[Caption-style text data]

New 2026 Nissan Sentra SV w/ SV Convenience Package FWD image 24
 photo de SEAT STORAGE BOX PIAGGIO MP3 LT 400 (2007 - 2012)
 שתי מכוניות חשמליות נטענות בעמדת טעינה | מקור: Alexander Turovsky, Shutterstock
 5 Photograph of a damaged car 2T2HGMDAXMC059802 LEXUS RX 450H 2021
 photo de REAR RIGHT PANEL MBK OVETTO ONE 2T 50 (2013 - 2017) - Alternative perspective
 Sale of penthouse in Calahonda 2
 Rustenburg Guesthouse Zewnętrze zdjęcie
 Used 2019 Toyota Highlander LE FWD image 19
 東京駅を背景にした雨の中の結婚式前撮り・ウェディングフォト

**TASK PROMPT**. In the entries above, the lines between the one holding "photo de SEAT" and the one holding "photo de REAR", inclusive, are to be printed exactly as written, and those alone.

**TASK SOLUTION**.
 photo de SEAT STORAGE BOX PIAGGIO MP3 LT 400 (2007 - 2012)
 שתי מכוניות חשמליות נטענות בעמדת טעינה | מקור: Alexander Turovsky, Shutterstock
 5 Photograph of a damaged car 2T2HGMDAXMC059802 LEXUS RX 450H 2021
 photo de REAR RIGHT PANEL MBK OVETTO ONE 2T 50 (2013 - 2017) - Alternative perspective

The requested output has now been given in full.